Me using spark-sql-2.3.1v , kafka with java8 in my project. With

--driver-memory 4g \
--driver-cores 2 \
--num-executors 120 \
--executor-cores 1 \
--executor-memory 768m \

At consumer side , me trying to write the files in hdfs Me using something like this below code

                          dataSet.writeStream()
                                        .format("parquet")
                                        .option("path", parqetFileName)
                                        .option("mergeSchema", true)
                                        .outputMode("Append")
                                        .partitionBy("company_id","date")
                                        .option("checkpointLocation", checkPtLocation)
                                        .trigger(Trigger.ProcessingTime("25 seconds"))
                                        .start();

When I store into hdfs folder it looks something below i.e. each file is around 1.5k+ i.e. few KBs.

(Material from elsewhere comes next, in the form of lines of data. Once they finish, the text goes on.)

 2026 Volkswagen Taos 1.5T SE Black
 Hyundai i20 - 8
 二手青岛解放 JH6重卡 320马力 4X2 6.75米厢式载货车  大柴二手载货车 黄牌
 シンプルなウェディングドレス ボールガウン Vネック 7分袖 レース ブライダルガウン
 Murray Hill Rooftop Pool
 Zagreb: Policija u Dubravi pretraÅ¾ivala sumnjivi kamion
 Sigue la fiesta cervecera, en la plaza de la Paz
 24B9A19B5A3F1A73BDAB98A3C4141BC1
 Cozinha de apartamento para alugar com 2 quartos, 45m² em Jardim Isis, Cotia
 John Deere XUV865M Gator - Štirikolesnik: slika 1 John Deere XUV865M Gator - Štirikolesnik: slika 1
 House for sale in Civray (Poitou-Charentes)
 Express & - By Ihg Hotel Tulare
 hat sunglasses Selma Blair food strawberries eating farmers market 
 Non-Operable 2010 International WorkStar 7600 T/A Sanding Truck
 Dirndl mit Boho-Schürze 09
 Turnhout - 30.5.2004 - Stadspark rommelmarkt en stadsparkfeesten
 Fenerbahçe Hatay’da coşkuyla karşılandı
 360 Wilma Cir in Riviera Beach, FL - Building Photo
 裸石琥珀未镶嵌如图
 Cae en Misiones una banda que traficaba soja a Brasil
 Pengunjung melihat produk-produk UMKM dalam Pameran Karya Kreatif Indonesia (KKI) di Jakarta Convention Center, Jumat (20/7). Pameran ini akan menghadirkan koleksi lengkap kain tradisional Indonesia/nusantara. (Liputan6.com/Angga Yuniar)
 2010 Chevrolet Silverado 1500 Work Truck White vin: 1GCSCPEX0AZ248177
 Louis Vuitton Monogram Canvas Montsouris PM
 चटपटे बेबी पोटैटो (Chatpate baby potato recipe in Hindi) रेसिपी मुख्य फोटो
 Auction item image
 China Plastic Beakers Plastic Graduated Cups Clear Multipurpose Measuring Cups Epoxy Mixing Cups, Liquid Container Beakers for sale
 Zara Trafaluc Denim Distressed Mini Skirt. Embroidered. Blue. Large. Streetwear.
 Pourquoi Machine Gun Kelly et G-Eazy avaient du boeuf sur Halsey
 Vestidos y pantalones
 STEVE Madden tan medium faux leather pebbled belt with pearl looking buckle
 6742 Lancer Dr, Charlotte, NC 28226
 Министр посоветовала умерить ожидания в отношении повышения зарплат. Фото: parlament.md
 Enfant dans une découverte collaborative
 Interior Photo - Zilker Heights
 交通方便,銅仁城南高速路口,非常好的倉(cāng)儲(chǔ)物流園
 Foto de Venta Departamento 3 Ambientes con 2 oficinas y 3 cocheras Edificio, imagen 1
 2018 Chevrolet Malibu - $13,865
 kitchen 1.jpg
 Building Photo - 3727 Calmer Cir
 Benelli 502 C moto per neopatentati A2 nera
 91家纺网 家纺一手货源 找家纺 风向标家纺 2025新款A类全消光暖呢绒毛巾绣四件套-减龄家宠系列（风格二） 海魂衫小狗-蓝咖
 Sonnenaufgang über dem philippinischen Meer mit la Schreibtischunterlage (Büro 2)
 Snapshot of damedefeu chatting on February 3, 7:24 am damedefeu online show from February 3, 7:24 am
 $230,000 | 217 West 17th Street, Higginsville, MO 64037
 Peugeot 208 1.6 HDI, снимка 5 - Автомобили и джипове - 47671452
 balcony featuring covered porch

$ hdfs dfs -du -h /transactions/company_id=24779/date=2014-06-24/
1.5 K  /transactions/company_id=24779/date=2014-06-24/part-00026-1027fff9-5745-4250-961a-fd56508b7ea3.c000.snappy.parquet
1.5 K  /transactions/company_id=24779/date=2014-06-24/part-00057-6604f6cc-5b8d-41f4-8fc0-14f6e13b4a37.c000.snappy.parquet
1.5 K  /transactions/company_id=24779/date=2014-06-24/part-00098-754e6929-9c75-430f-b6bb-3457a216aae3.c000.snappy.parquet
1.5 K  /transactions/company_id=24779/date=2014-06-24/part-00099-1d62cbd5-7409-4259-b4f3-d0f0e5a93da3.c000.snappy.parquet
1.5 K  /transactions/company_id=24779/date=2014-06-24/part-00109-1965b052-c7a6-47a8-ae15-dea301010cf5.c000.snappy.parquet

Due to this small files , its taking a lot of processing time , while I read back larger set of data from hdfs & count the number of rows then it is resulting into below heap space error.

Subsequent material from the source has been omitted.